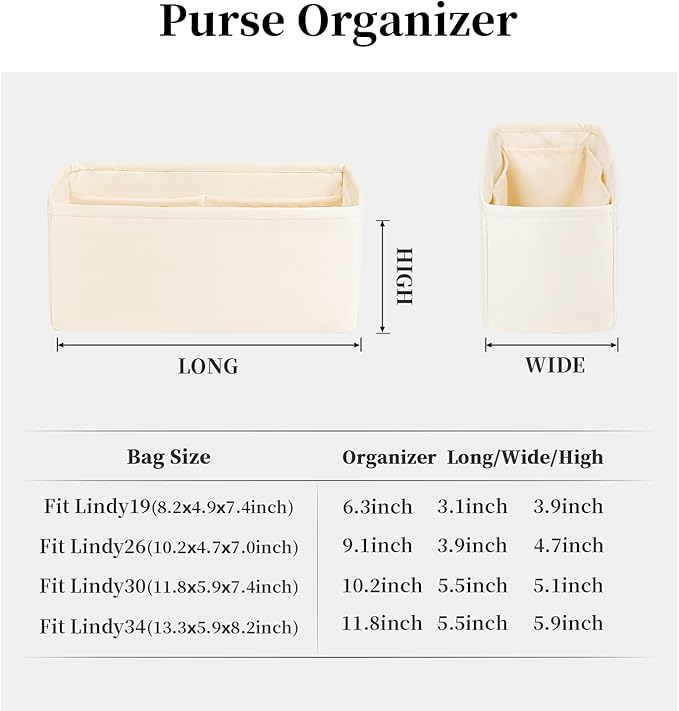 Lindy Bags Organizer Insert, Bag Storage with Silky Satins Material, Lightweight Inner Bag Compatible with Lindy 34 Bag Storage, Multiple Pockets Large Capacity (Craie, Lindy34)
· · · ·
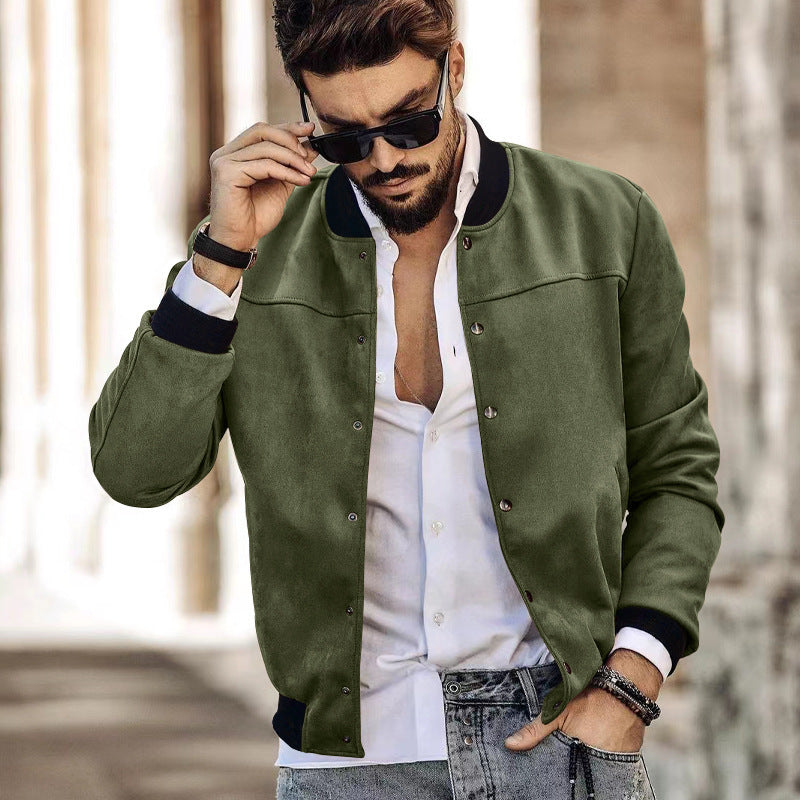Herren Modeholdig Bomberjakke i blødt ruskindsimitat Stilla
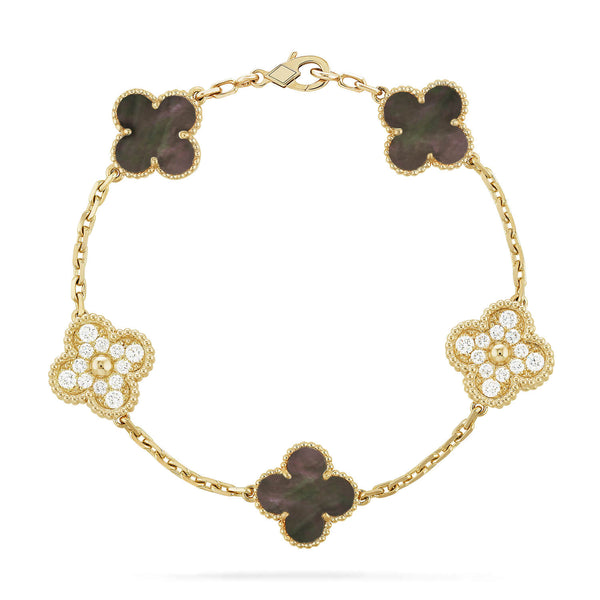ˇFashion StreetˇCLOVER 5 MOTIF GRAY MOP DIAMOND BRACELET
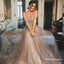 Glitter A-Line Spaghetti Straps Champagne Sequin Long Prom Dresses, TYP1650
· · · ·
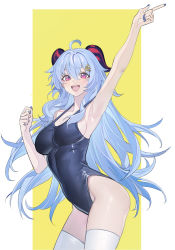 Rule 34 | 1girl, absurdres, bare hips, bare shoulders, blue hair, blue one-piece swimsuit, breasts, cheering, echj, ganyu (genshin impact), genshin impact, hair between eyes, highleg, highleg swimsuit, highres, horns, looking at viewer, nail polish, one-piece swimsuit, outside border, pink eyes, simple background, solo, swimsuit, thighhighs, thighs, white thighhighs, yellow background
· · · ·
- [INSTRUCTIONS FOR THE TASK]:
Produce an exact reproduction of the listing above, limited to the lines starting at the line with "ˇFashion StreetˇCLOVER 5" and ending at the line with "Glitter A-Line Spaghetti", both kept, with every picture left out.

- [TASK RESPONSE]:
ˇFashion StreetˇCLOVER 5 MOTIF GRAY MOP DIAMOND BRACELET
 Glitter A-Line Spaghetti Straps Champagne Sequin Long Prom Dresses, TYP1650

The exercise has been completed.